What to do:
Return the stretch from the line with "Location: Bronx Botanical garden, NY" through the line with "Carmenta corni - Hodges#2597 - photo 4" in the data below, character for character, skipping all pictures.
===== Given records
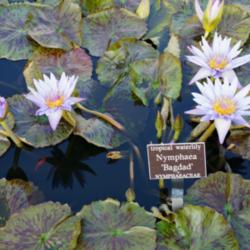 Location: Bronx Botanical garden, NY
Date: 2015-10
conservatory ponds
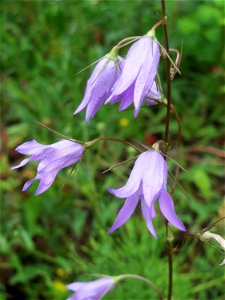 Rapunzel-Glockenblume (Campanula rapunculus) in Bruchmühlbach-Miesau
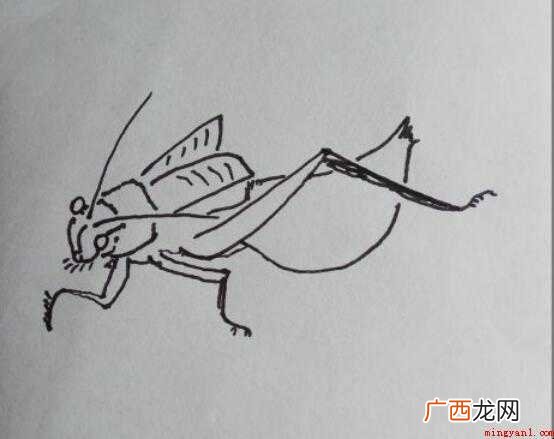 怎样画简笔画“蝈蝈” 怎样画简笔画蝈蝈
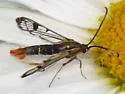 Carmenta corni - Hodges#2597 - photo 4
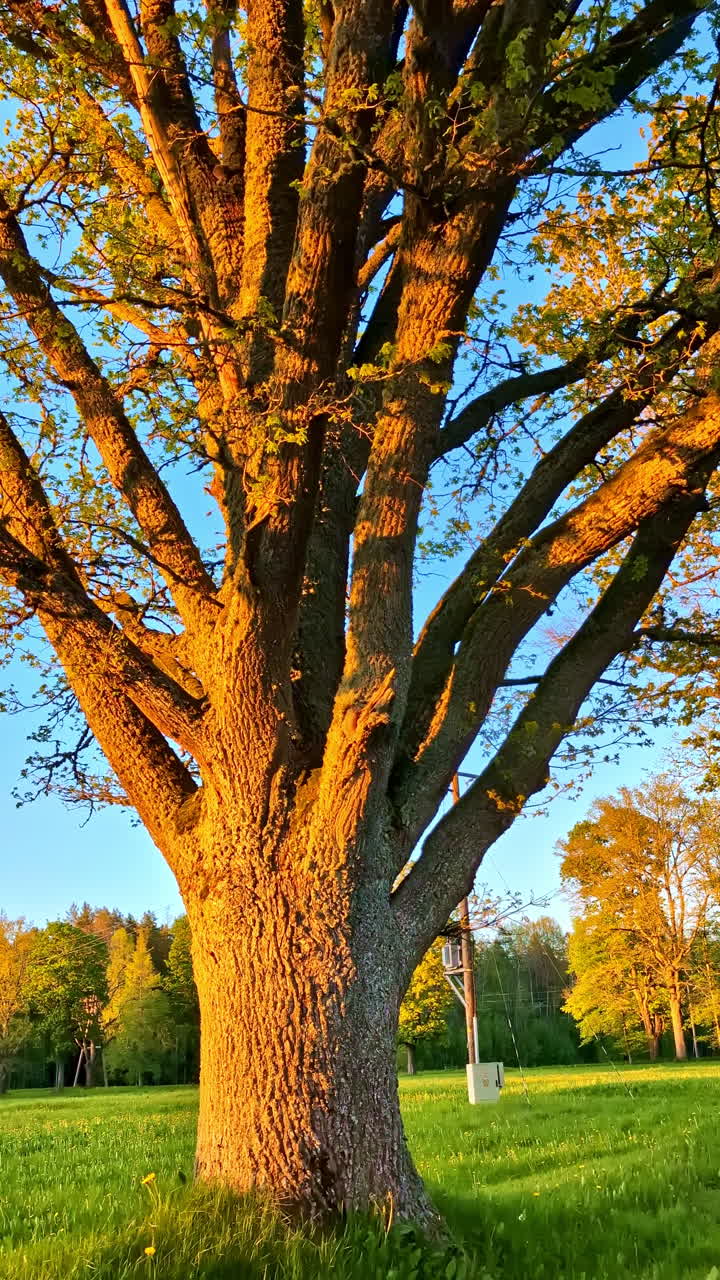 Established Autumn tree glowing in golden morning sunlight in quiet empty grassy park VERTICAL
==========
===== Given records
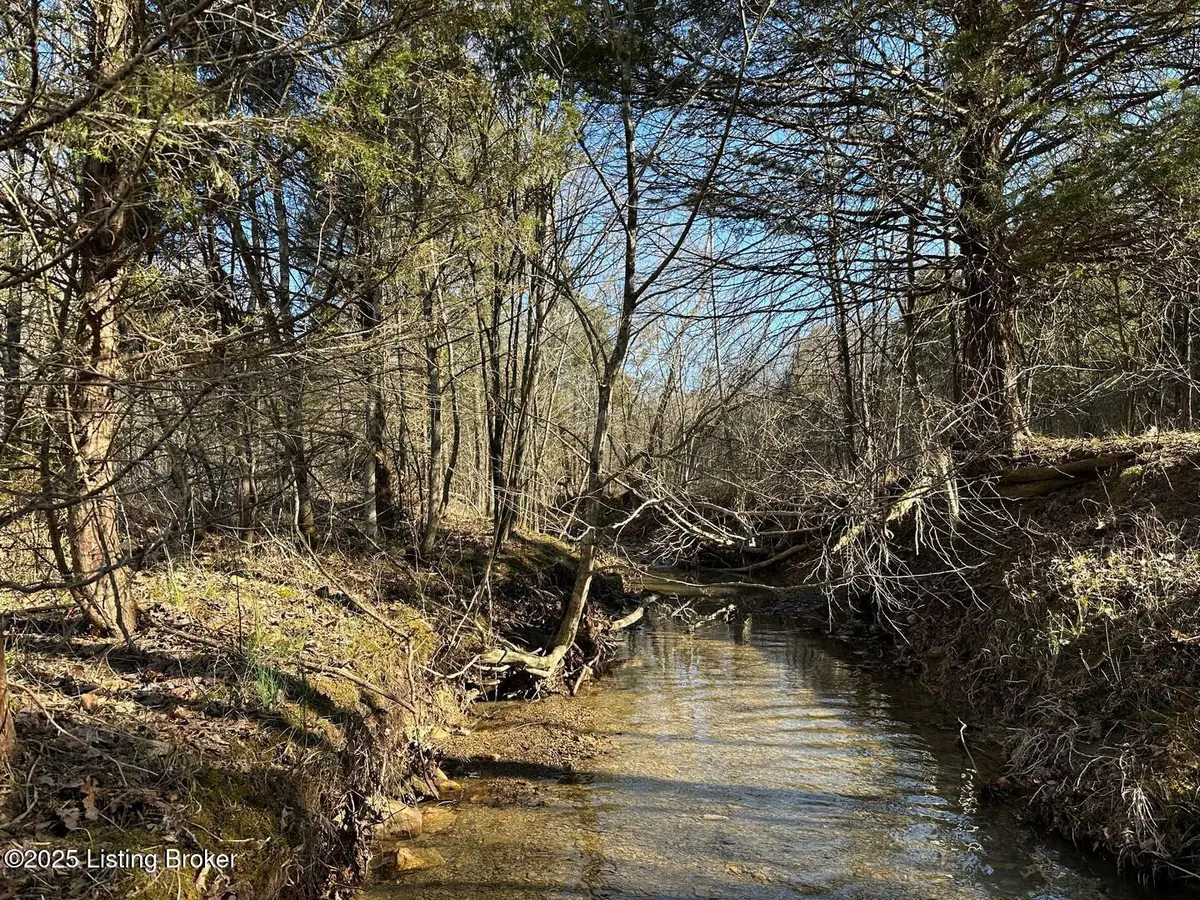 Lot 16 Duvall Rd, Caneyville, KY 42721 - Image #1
==========
Solution for this task:
 Location: Bronx Botanical garden, NY
Date: 2015-10
conservatory ponds
 Rapunzel-Glockenblume (Campanula rapunculus) in Bruchmühlbach-Miesau
 怎样画简笔画“蝈蝈” 怎样画简笔画蝈蝈
 Carmenta corni - Hodges#2597 - photo 4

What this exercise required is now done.